### Your task
Leave the pictures out. Transcribe exactly every line from the start of the records through the one containing "Next question. The".

### Records from a data source
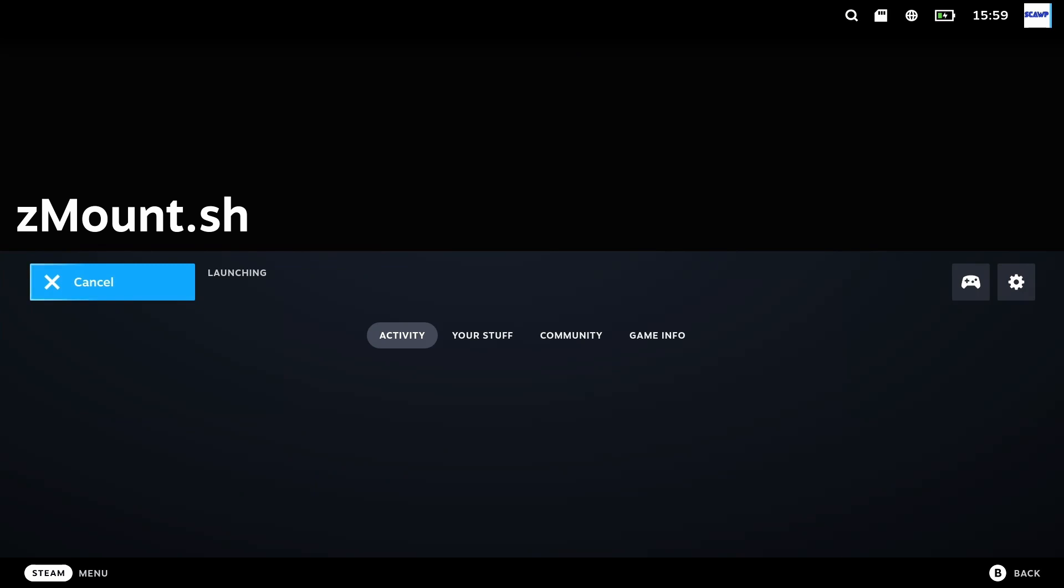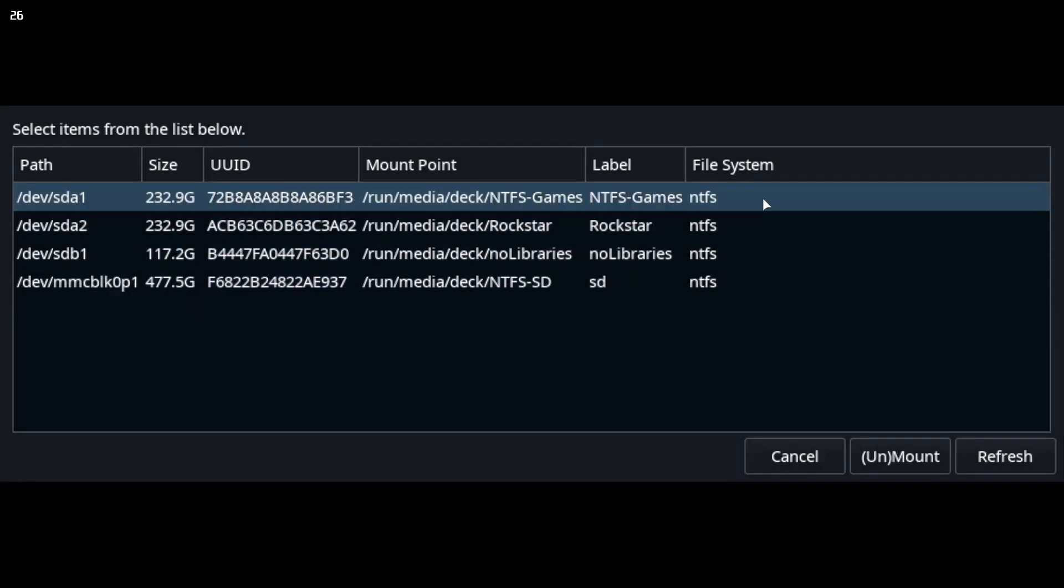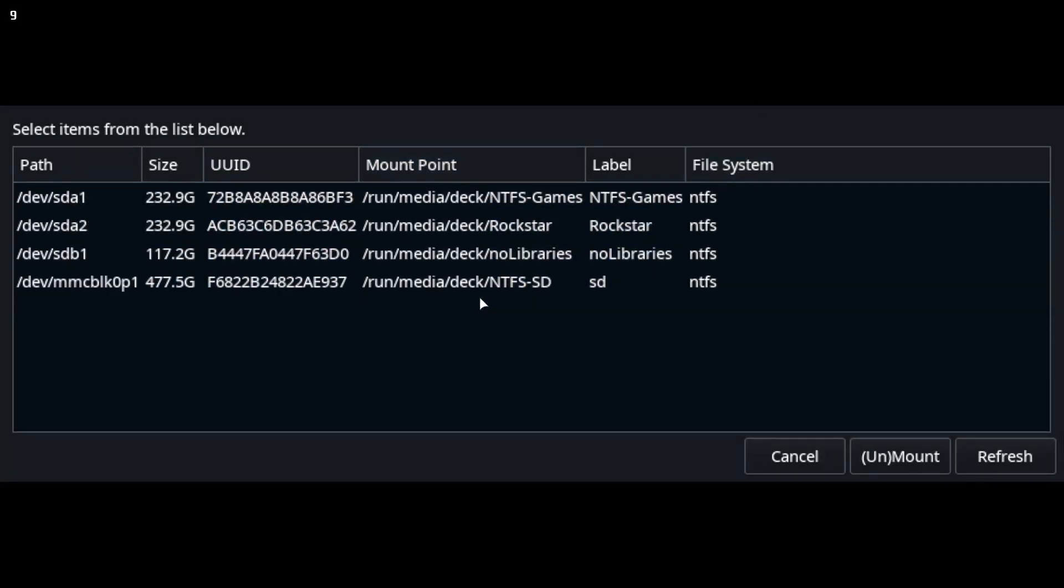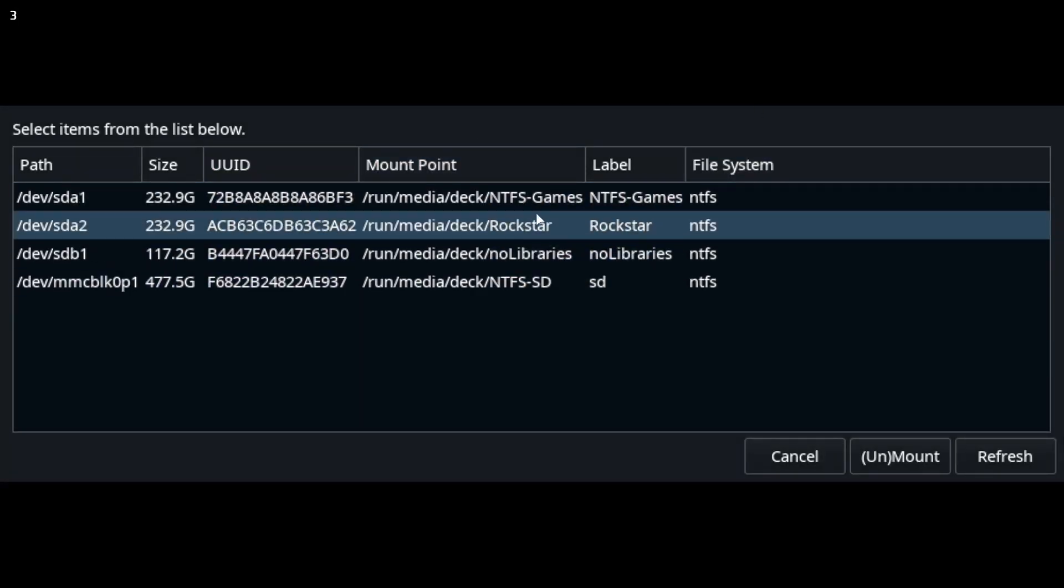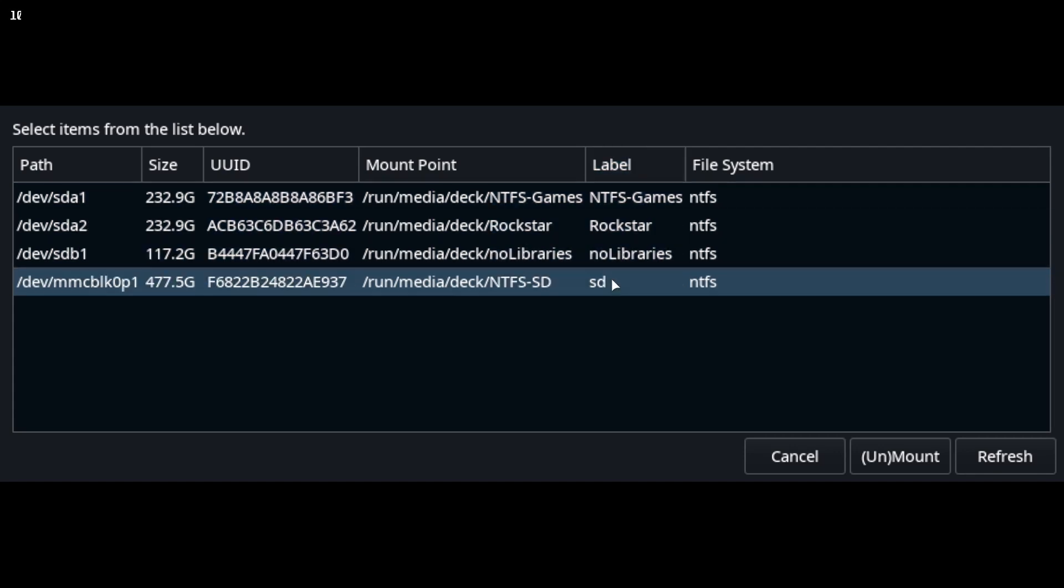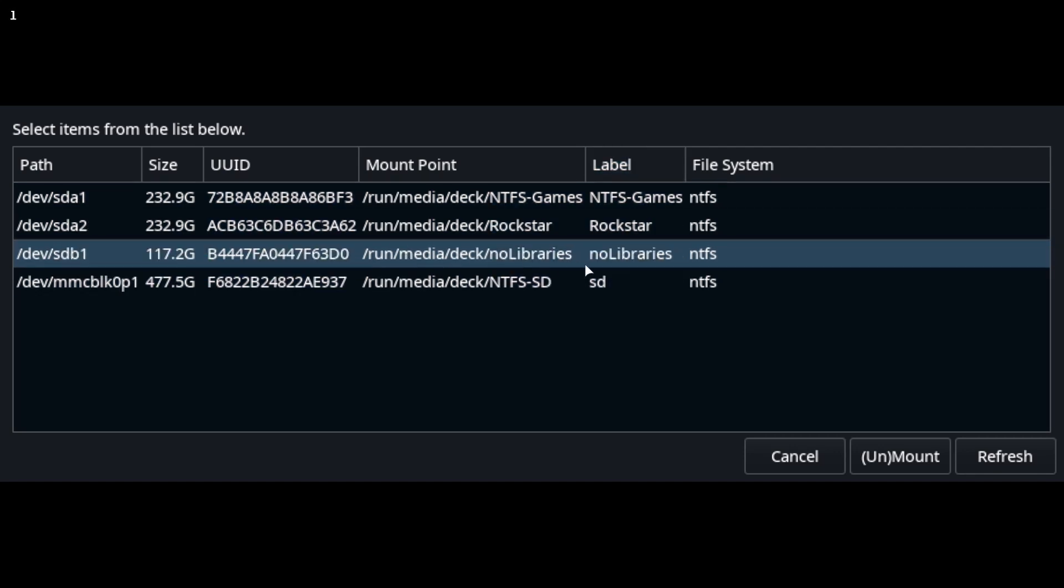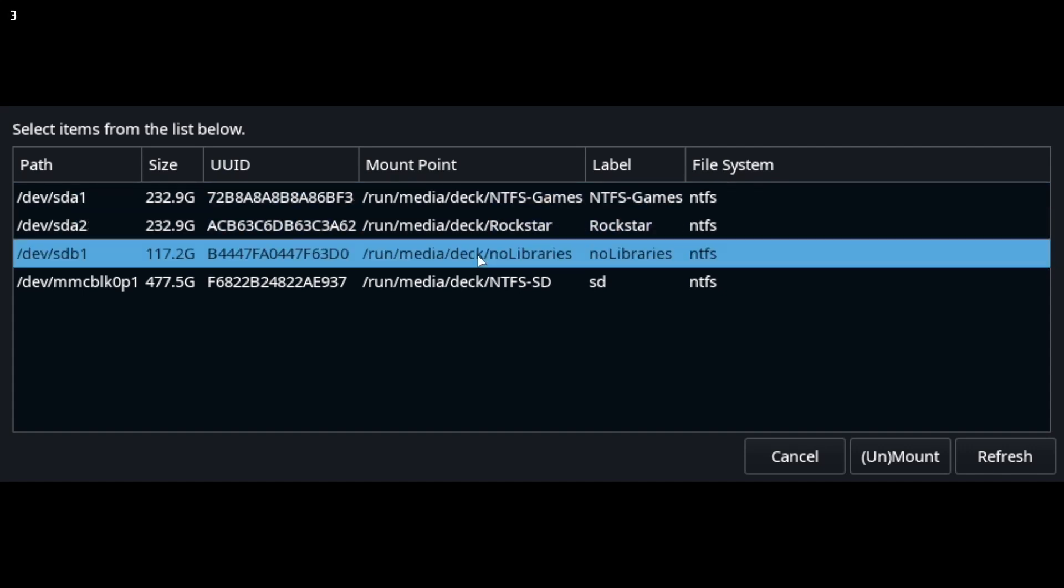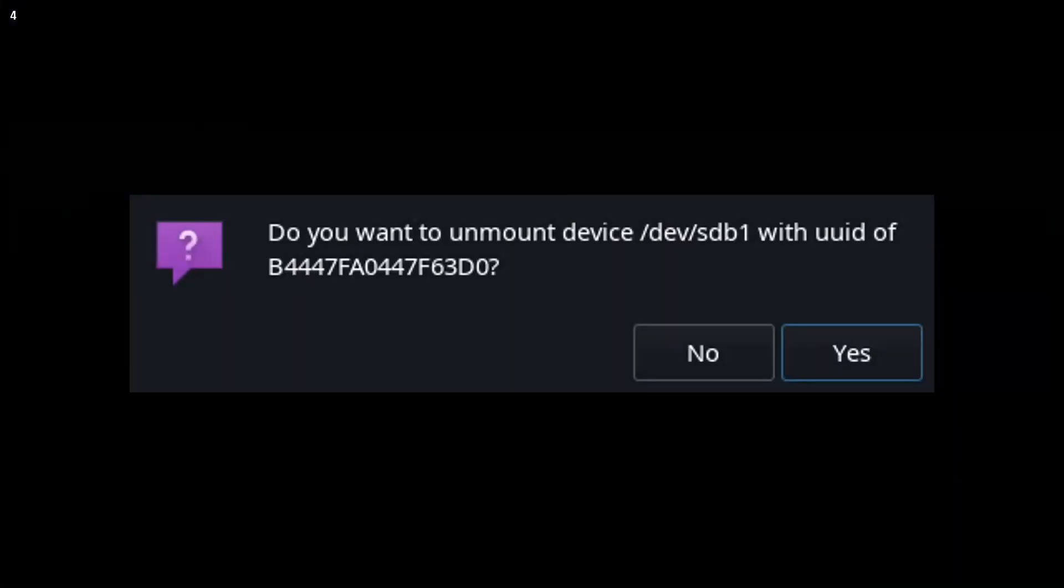I didn't want to list those but it also shows your SD card and any external hard drives. And then by highlighting one and clicking unmount you can then unmount it.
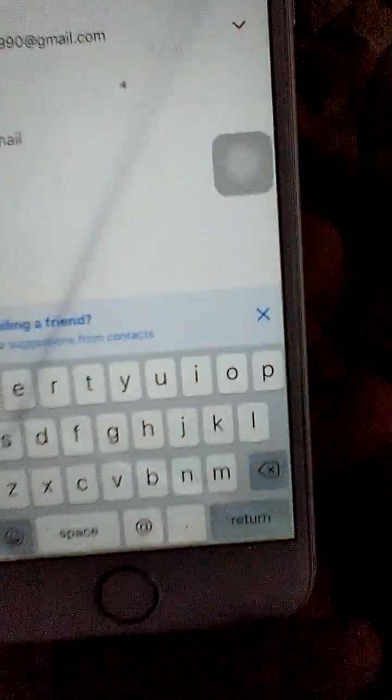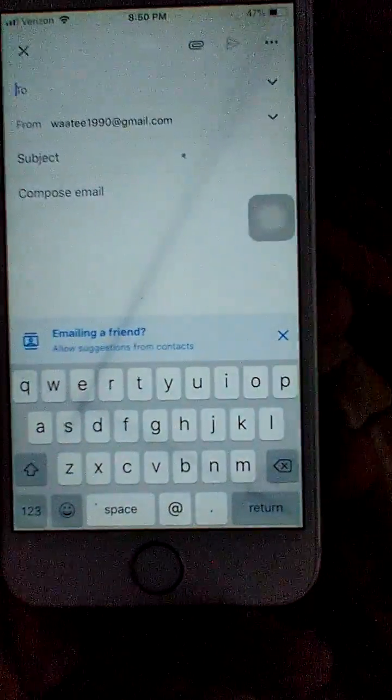This video is for people that are new to the iPhone, like myself. I'm just going to show you how to get to the period and comma quickly, and back to the alphabet.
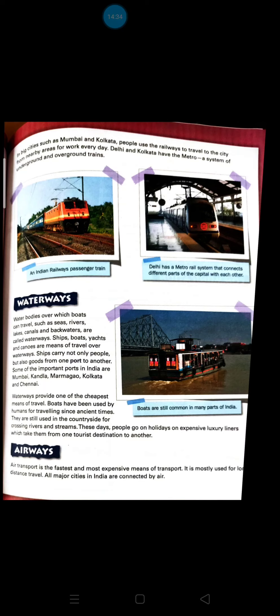In big cities such as Mumbai and Kolkata, people use railways to travel to nearby areas for work every day. Delhi and Kolkata have the metro — a system of underground and overground trains. People prefer the metro because it is cheap and comfortable for reaching one place to another, compared to personal vehicles which would be more expensive.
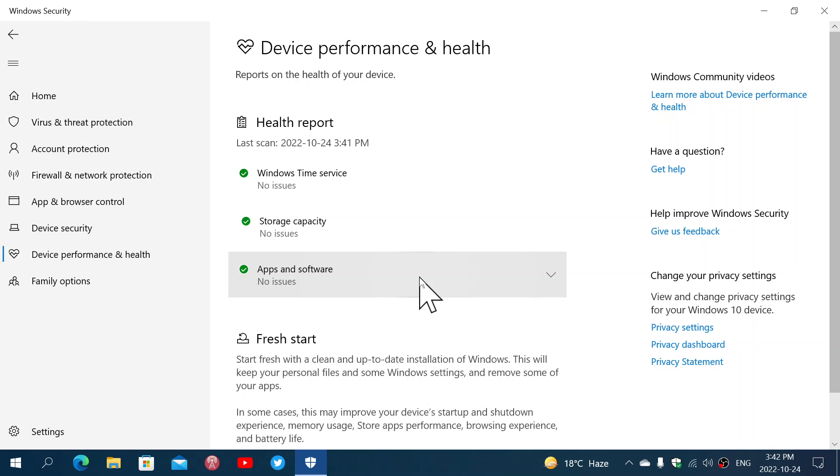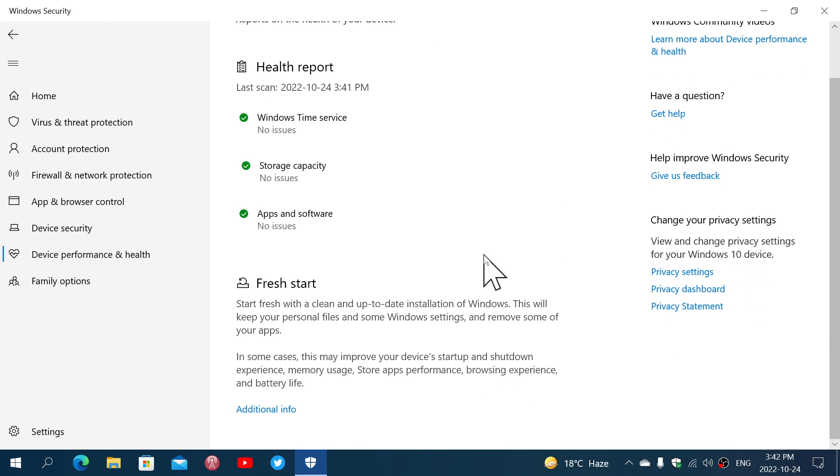Now, on each of these reports, there's an option when you get a problem that you can actually say, ignore it. It's fine, it's okay, I know about it and don't warn me again.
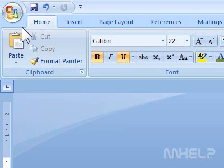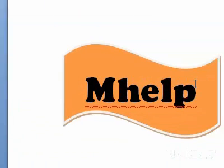This mHELP clip has four steps. Step 1: Select the object or shape whose formatting you want to change.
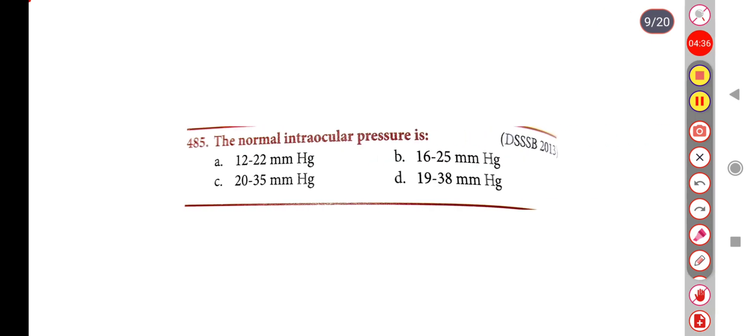Next question. The normal intraocular pressure is — Option A: 12–22 mmHg, Option B: 16–25 mmHg, Option C: 20–35 mmHg, Option D: 19–38 mmHg. Correct answer is Option A: 12–22 mmHg.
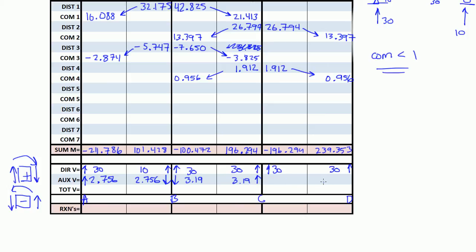For auxiliary shear on span CD, the length is 30. You take negative 196 plus 239 divided by 30, which gives 1.435 on each side. Since the sum of the moments is positive, flip the sign, you get negative, meaning the shear is counterclockwise — on the right side it's going up and on the left side it's going down.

### Solution to this task
I didn't want to list those but it also shows your SD card and any external hard drives. And then by highlighting one and clicking unmount you can then unmount it.
This video is for people that are new to the iPhone, like myself. I'm just going to show you how to get to the period and comma quickly, and back to the alphabet.
In big cities such as Mumbai and Kolkata, people use railways to travel to nearby areas for work every day. Delhi and Kolkata have the metro — a system of underground and overground trains. People prefer the metro because it is cheap and comfortable for reaching one place to another, compared to personal vehicles which would be more expensive.
Now, on each of these reports, there's an option when you get a problem that you can actually say, ignore it. It's fine, it's okay, I know about it and don't warn me again.
This mHELP clip has four steps. Step 1: Select the object or shape whose formatting you want to change.
Next question. The normal intraocular pressure is — Option A: 12–22 mmHg, Option B: 16–25 mmHg, Option C: 20–35 mmHg, Option D: 19–38 mmHg. Correct answer is Option A: 12–22 mmHg.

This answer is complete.